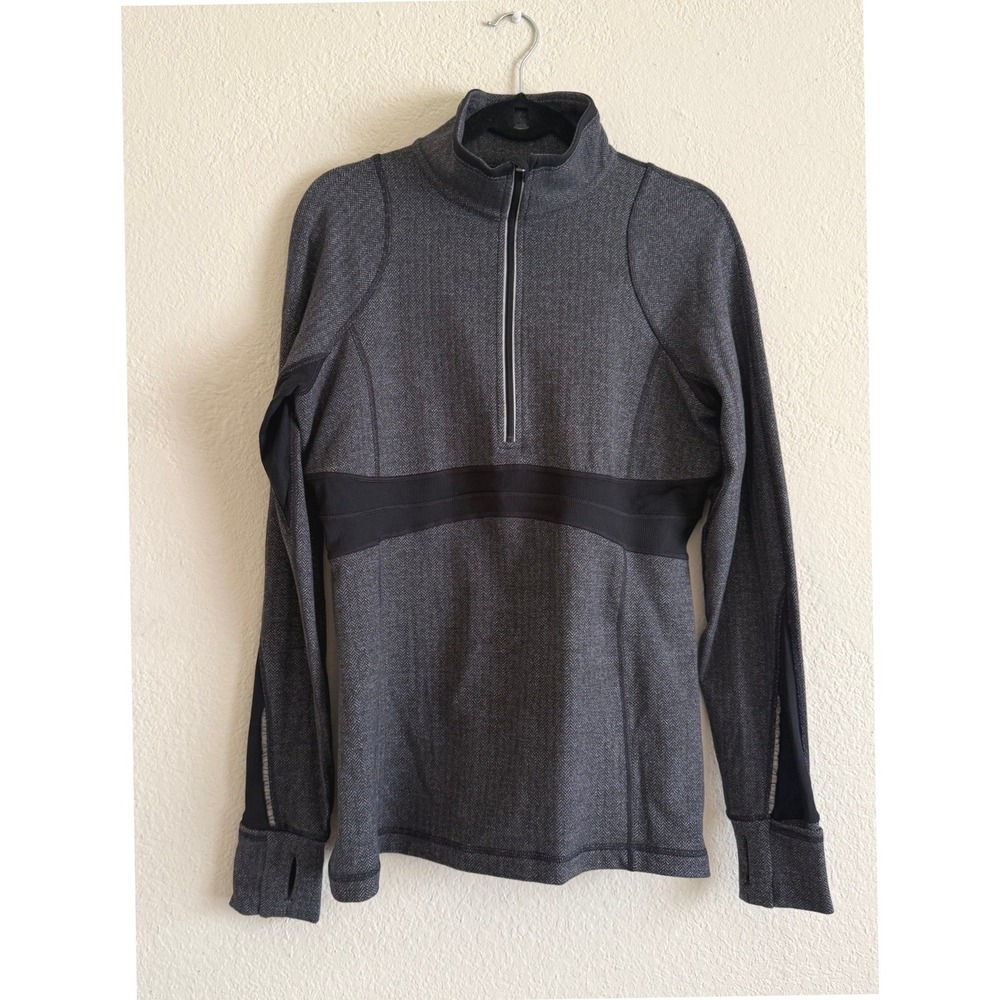 Lululemon Run Full Tilt Half Zip Gray/Black Herringbone Pullover Sz 12 Athleisur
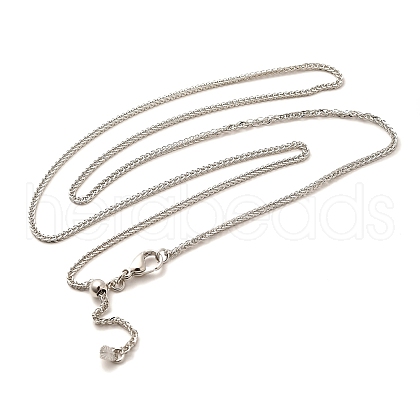 2mm Rack Plating Brass Wheat Chain Adjustable Slider Necklaces for Women Men MAK-L044-09P-1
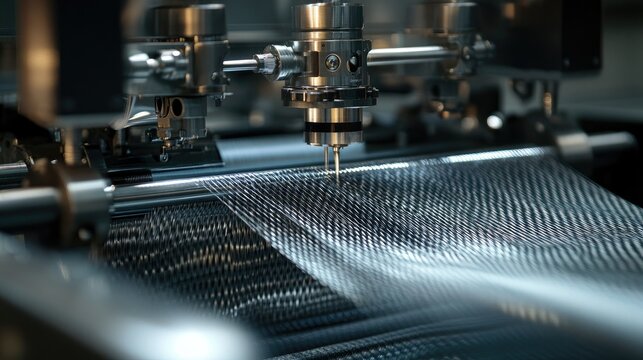 Precision carbon fiber weaving machine creating complex patterns, focusing on the intricate, featherweight material being crafted.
————
What is required ▸
Apart from the pictures, all of the data should be repeated exactly.

Task response ▸
 Lululemon Run Full Tilt Half Zip Gray/Black Herringbone Pullover Sz 12 Athleisur
 2mm Rack Plating Brass Wheat Chain Adjustable Slider Necklaces for Women Men MAK-L044-09P-1
 Precision carbon fiber weaving machine creating complex patterns, focusing on the intricate, featherweight material being crafted.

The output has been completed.